I heard the preacher at the service
Say from love he’s finally free
But I say love it knows no season
It haunts the soul eternally

Anderson's production on the ballad is irretrievably country, as it is on the foreboding "1,000 Miles," which finds a man boarding "flight 209" and ruminating on his broken marriage. The song's elusive lyrics are filled with self-pity and self-loathing ("I owe so much to pride, it’s true: it brought an end to me and you...") and it features Yoakam's stellar singing and unique phrasing. Faster in tempo but no less dark is the suicidal "This Drinkin' Will Kill Me," a tune Yoakam demoed in Los Angeles in 1981 and chose to close the album with.
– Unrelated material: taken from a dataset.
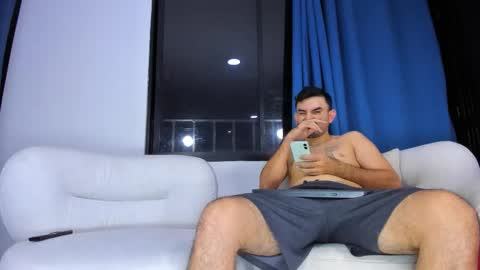 gal_stone_ online show from January 2026 12:05:01 AM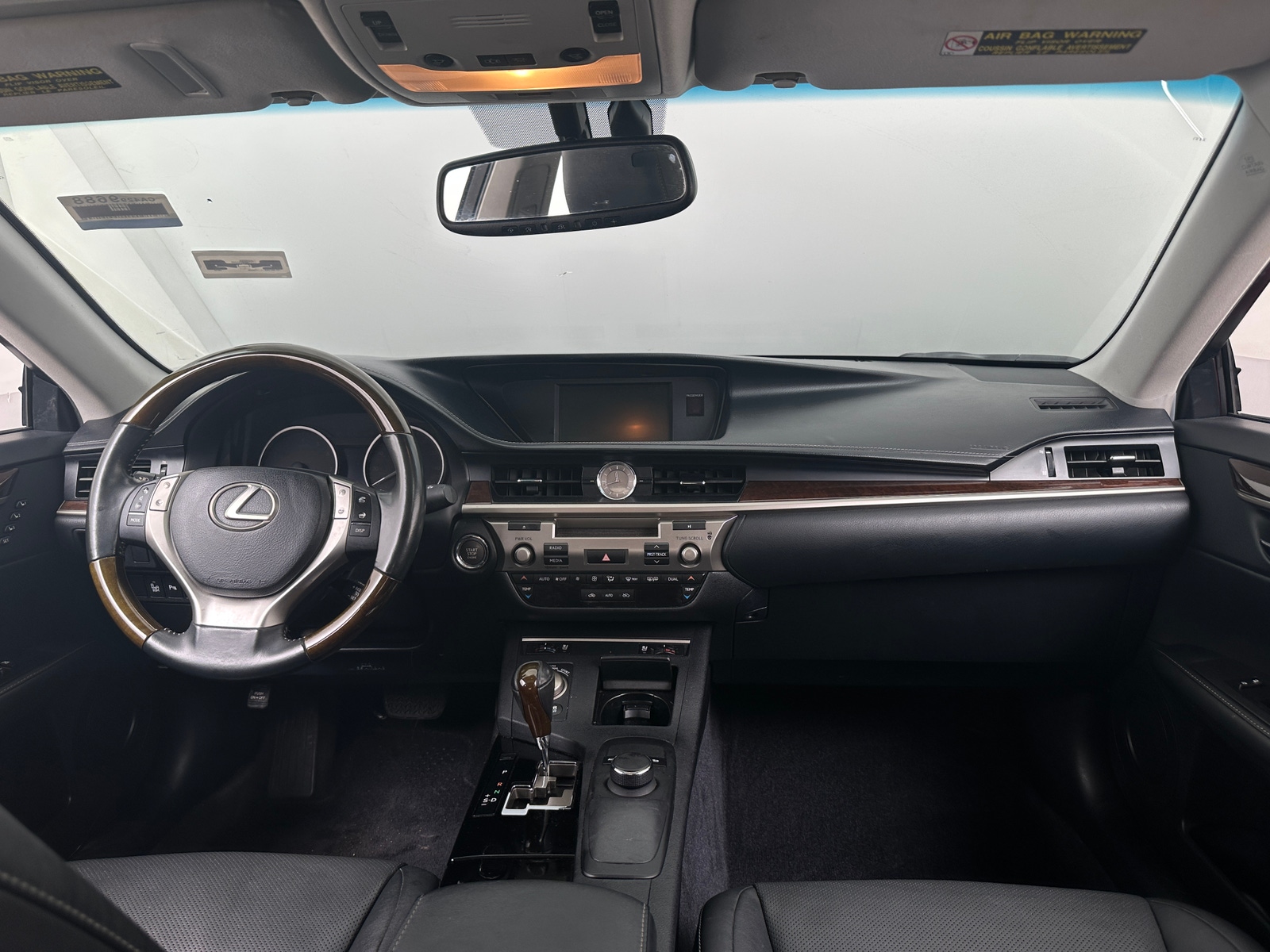 Thumbnail: 2014 Lexus ES - 2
Similarly, the rollicking "Please, Please Baby", which boasts impressive guitar work from Anderson, and the jaunty "Throughout All Time" are upbeat numbers with despairing, regretful lyrics.

On Guitars, Cadillacs, Etc., Etc., Yoakam paid tribute to his roots with songs like "Miner’s Prayer" and "Bury Me," and he includes another tribute on Hillbilly Deluxe with the poignant "Readin', Rightin', Rt. 23," which describes the migration of a younger generation from the Kentucky homes of their coal-mining parents to the factories of the city, not knowing "that old highway would lead them to a world of misery." Sounding wistful, joyful, and cynical all at the same time, the tune is a brilliant display of songwriting, with Yoakam using simple language to create vivid pictures of a people and a way of life with deep family roots and ‘sweet hillbilly charm."

==Critical reception==
Thom Jurek of AllMusic writes, "Yoakam's voice is a dead cross of Merle Haggard's early voice and Lefty Frizzell's – a fine cover of the latter's "Always Late (With Your Kisses)" is included here – and as such, it is one of the purest, most soulful voices in this era."

==Track listing==

| No. | Title | Writer(s) | Length |
|---|---|---|---|
| 1. | "Little Ways" | Dwight Yoakam | 3:18 |
| 2. | "Smoke Along the Track" | Alan Rose, Don Helms | 3:13 |
| 3. | "Johnson's Love" | Yoakam | 4:25 |
| 4. | "Please, Please Baby" | Yoakam | 3:36 |
| 5. | "Readin', Rightin', Rt. 23" | Yoakam | 3:32 |
| 6. | "Always Late with Your Kisses" | Lefty Frizzell, Blackie Crawford | 2:10 |
| 7. | "1,000 Miles" | Yoakam | 4:10 |
| 8. | "Throughout All Time" | Yoakam | 3:54 |
| 9. | "Little Sister" | Doc Pomus, Mort Shuman | 3:01 |
| 10. | "This Drinkin' Will Kill Me" | Yoakam | 2:35 |
| Total length: |  |  | 33:54 |

==Personnel==
- Dwight Yoakam – lead vocals, background vocals, acoustic guitar
- Pete Anderson – electric guitar, 6-string bass guitar, background vocals
- Tom Brumley – pedal steel guitar, background vocals
- Greg Leisz – lap steel guitar
- JD Foster – bass guitar, background vocals
- Jeff Donavan – drums
- Brantley Kearns – fiddle, background vocals
- Skip Edwards – piano
- Herb Pedersen – background vocals
- Dusty Wakeman – background vocals

==Production==
- Pete Anderson – producer
- Judy Clapp – assistant engineer, mixing assistant
- Michael Dumas – assistant producer
- Dusty Wakeman – engineer, mixer
- Eddy Schreyer – audio mastering

==Charts==

===Weekly charts===

| Chart (1987) | Peak position |
|---|---|
| Australia Albums (Kent Music Report) | 55 |
| Canadian Albums (RPM) | 27 |
| New Zealand Albums (RMNZ) | 17 |
| Swedish Albums (Sverigetopplistan) | 3 |
| US Billboard 200 | 55 |
| US Top Country Albums (Billboard) | 1 |

===Year-end charts===

| Chart (1987) | Position |
|---|---|
| US Top Country Albums (Billboard) | 14 |
| Chart (1988) | Position |
| US Top Country Albums (Billboard) | 15 |

==Certifications==

| Region | Certification | Certified units/sales |
| Australia (ARIA) | Gold | 35,000^{^} |
^{^} Shipments figures based on certification alone.